## Recorded data
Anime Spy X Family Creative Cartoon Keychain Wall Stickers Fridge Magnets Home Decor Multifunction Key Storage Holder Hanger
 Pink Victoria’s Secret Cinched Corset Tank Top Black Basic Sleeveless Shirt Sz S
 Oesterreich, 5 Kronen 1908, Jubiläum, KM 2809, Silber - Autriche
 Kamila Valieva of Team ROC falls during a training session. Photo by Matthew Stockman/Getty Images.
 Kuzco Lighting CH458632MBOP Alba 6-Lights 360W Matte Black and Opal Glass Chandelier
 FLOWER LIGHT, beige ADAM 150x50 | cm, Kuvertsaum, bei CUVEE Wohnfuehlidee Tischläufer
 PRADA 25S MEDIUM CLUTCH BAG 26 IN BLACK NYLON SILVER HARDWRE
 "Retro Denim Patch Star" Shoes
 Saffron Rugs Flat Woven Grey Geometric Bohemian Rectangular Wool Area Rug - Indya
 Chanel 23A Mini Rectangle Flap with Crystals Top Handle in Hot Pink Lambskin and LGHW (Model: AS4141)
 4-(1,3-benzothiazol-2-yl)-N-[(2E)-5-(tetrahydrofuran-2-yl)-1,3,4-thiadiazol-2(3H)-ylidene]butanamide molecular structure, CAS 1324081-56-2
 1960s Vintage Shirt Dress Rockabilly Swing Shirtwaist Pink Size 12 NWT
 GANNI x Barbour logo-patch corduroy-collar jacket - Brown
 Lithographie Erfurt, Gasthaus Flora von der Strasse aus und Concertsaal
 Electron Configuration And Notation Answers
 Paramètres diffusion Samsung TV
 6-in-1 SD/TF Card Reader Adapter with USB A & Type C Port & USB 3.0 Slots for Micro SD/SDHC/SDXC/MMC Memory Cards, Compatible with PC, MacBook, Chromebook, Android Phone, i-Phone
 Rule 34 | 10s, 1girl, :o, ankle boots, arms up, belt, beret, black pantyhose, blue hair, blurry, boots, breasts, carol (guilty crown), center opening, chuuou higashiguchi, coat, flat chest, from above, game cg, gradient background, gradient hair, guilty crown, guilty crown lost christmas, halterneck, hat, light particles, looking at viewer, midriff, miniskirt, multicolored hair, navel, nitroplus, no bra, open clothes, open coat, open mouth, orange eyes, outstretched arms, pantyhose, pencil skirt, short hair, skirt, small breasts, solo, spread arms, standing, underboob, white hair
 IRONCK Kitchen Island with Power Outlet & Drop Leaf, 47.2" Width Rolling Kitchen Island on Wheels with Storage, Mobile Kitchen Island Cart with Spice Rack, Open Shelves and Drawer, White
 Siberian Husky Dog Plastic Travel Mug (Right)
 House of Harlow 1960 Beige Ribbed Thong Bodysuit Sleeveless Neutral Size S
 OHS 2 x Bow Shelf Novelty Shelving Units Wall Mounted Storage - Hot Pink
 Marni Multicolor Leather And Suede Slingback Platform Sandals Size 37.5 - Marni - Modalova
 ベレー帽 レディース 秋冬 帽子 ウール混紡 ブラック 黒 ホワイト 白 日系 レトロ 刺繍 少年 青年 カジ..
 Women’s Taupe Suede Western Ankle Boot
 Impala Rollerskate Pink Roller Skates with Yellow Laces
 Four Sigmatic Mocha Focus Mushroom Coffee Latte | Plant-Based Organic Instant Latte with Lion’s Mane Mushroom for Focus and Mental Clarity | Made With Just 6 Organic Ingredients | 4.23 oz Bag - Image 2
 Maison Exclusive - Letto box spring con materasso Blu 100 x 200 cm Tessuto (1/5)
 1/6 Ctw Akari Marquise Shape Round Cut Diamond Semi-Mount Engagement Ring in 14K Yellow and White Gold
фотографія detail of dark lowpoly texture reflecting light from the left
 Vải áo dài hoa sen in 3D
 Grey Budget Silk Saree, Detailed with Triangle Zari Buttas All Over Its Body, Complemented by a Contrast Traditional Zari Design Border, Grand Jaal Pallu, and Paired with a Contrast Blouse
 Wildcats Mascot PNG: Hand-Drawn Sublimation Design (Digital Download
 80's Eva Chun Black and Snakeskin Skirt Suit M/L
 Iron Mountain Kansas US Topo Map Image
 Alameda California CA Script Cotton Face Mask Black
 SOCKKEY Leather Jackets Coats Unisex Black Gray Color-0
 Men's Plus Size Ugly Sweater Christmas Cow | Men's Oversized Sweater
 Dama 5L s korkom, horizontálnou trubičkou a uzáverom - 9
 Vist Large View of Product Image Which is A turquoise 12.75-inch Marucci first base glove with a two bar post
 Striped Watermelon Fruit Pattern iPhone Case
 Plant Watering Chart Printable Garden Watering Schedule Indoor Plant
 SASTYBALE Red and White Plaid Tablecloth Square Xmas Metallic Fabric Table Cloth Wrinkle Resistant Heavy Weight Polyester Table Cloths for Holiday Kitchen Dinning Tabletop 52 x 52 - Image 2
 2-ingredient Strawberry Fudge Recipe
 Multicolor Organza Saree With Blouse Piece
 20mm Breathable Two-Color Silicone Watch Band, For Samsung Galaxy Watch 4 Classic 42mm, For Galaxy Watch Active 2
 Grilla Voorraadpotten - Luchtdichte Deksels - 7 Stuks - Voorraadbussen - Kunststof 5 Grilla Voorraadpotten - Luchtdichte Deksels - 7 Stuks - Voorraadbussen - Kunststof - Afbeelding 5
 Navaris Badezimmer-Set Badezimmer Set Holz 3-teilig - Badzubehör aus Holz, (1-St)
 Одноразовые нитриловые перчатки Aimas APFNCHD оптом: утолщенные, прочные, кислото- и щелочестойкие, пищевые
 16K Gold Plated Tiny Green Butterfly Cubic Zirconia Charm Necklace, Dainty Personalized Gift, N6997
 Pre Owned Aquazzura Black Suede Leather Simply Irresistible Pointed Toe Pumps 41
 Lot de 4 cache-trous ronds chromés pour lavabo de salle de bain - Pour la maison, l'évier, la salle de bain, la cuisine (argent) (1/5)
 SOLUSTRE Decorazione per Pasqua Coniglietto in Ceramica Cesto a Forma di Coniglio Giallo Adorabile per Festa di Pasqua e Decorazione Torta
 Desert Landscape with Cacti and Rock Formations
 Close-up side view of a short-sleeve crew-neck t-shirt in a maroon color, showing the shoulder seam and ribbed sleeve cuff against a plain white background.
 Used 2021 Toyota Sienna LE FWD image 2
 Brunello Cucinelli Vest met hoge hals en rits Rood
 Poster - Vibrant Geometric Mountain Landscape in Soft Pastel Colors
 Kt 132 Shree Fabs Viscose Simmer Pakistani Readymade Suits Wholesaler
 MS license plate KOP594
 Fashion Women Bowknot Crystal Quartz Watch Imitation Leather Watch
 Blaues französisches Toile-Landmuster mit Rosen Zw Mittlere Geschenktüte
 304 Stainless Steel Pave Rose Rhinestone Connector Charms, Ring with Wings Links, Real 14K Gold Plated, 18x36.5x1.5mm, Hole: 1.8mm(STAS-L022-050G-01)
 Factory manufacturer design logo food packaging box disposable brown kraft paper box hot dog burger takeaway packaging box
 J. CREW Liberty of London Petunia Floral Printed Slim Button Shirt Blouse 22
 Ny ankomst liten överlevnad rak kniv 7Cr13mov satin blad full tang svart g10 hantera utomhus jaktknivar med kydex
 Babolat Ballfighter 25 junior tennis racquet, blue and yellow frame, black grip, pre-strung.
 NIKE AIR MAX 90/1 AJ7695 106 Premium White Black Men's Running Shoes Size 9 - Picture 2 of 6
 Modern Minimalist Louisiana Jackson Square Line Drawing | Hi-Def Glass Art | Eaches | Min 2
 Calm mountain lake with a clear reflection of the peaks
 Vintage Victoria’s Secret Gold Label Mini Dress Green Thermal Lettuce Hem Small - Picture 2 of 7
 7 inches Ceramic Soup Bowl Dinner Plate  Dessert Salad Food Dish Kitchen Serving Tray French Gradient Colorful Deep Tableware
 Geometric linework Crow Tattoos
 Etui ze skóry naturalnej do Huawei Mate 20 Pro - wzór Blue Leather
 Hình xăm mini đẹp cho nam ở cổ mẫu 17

## Problem requirements
Output the lines of the records above exactly as they appear, from the line containing "Marni Multicolor Leather" through the line containing "Alameda California CA".

## Response to this task
 Marni Multicolor Leather And Suede Slingback Platform Sandals Size 37.5 - Marni - Modalova
 ベレー帽 レディース 秋冬 帽子 ウール混紡 ブラック 黒 ホワイト 白 日系 レトロ 刺繍 少年 青年 カジ..
 Women’s Taupe Suede Western Ankle Boot
 Impala Rollerskate Pink Roller Skates with Yellow Laces
 Four Sigmatic Mocha Focus Mushroom Coffee Latte | Plant-Based Organic Instant Latte with Lion’s Mane Mushroom for Focus and Mental Clarity | Made With Just 6 Organic Ingredients | 4.23 oz Bag - Image 2
 Maison Exclusive - Letto box spring con materasso Blu 100 x 200 cm Tessuto (1/5)
 1/6 Ctw Akari Marquise Shape Round Cut Diamond Semi-Mount Engagement Ring in 14K Yellow and White Gold
фотографія detail of dark lowpoly texture reflecting light from the left
 Vải áo dài hoa sen in 3D
 Grey Budget Silk Saree, Detailed with Triangle Zari Buttas All Over Its Body, Complemented by a Contrast Traditional Zari Design Border, Grand Jaal Pallu, and Paired with a Contrast Blouse
 Wildcats Mascot PNG: Hand-Drawn Sublimation Design (Digital Download
 80's Eva Chun Black and Snakeskin Skirt Suit M/L
 Iron Mountain Kansas US Topo Map Image
 Alameda California CA Script Cotton Face Mask Black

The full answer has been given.